5/ The Hidden Wealth of Nations: The Scourge of Tax Havens, by Gabriel Zucman, University of Chicago Press.
A short, pioneering guide to estimating the trillions of dollars moved to tax havens to evade or avoid paying taxes to the nations from which this expanding mountain of money was made. Mr. Zucman proposes measures to end the party of these giant tax escapes and make tax avoiders and evaders pay their fair share.
6/ Hell is a Very Small Place, edited by Jean Casella, James Ridgeway and Sarah Shourd, The New Press.
Hear the voices of people from solitary confinement.
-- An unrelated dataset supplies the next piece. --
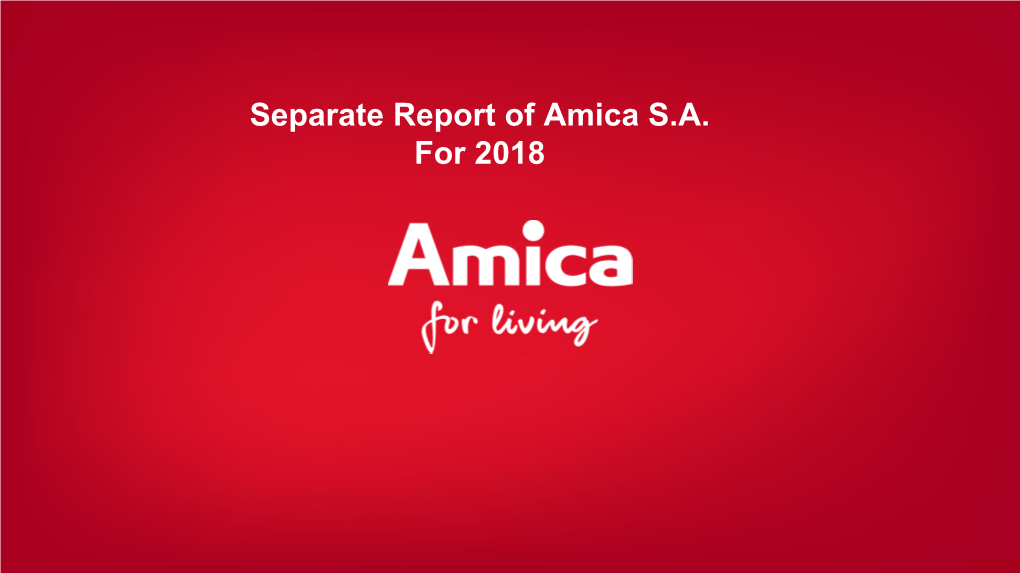 Separate Report of Amica S.A. for 2018 Separate Report of Amica S.A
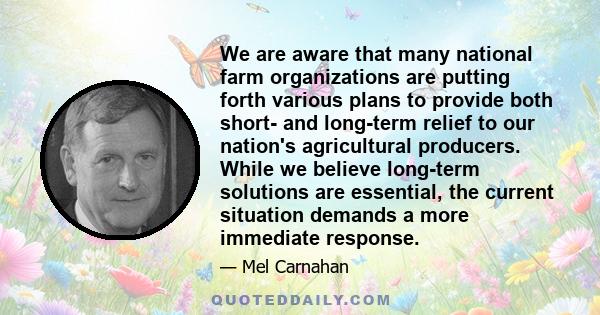 We are aware that many national farm organizations are putting forth various plans to provide both short- and long-term relief to our nation's agricultural producers. While we believe long-term solutions are essential,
Prisoners call this inhuman space “the hole” and nearly 100,000 people in the U.S. are put in solitary confinement for 23 hours a day. Take the time to read these haunting stories and learn about what formidable advocates are doing to stop this torture one state at a time.
7/ Machines of Loving Grace: The Quest for Common Ground Between Humans and Robots, by John Markoff, Harper Collins.
If you doubt whether the human race, its technological, corporate and political leaders are racing downward into a future that doesn’t need us, read this report by a veteran newsman who avoids horrific conclusions to get you to read what’s already coming.
8/ The Looting Machine: Warlords, Oligarchs, Corporations, Smugglers and the Theft of Africa’s Wealth, by Tom Burgis, Public Affairs.
This bold reporter shows “the network of traders, bankers and corporate raiders who grease the palms of venal local political elites” to turn Africa’s riches into a curse for its poor masses.
9/ The Experimental Society, by Marshall S. Shapo, Transaction Publishers.
This prolific law professor examines the culture and political economy of market and environmental “experiments” on consumers, workers and whole communities. He educates readers on the various responses by the law in managing and disciplining risks. A mind-stretching work that no doubt will intersect uncannily with your daily life.
10/ Lights Out: A Cyberattack, a Nation Unprepared, Surviving the Aftermath, by Ted Koppel, Crown Publishing.
The famous newsman writes about “the eventuality of a debilitating cyberattack against our electric power grid.” It is a wakeup call that ends “with the notion that the Internet, among its many, many virtues, is also a weapon of mass destruction.”
11/ GM: Paint it Red: Inside General Motors’ Culture of Failure, by Nicholas Kachman, Mariner Publishing.
This General Motors career chemical engineer has vivified his retirement with this lively memoir of the mega-billion dollar boondoggle that was supposed to deal with the serious air pollution from the auto painting process. An inside story by an insightful writer who still applies what he knows to some of GM’s present day negligence and bureaucratic rigidities, such as Flint, Michigan’s ongoing drinking water tragedy.
12/ Washington, D.C. History for Kids: The Making of a Capital City (With 21 Hands-On Activities), by Richard Panchyk, Chicago Review Press.
I often say that we should strive to become good ancestors. In introducing our children and grandchildren to significant subjects, this book is a valuable and fun resource for developing minds.
13/ And one vintage book (2007) so relevant today is The Elements of Journalism: What Newspeople Should Know and the Public Should Expect, by Bill Kovach and Tom Rosenstiel, Three Rivers Press.
This book should be read by journalists, journalism students, and engaged citizens.
How true it is that readers think and thinkers read.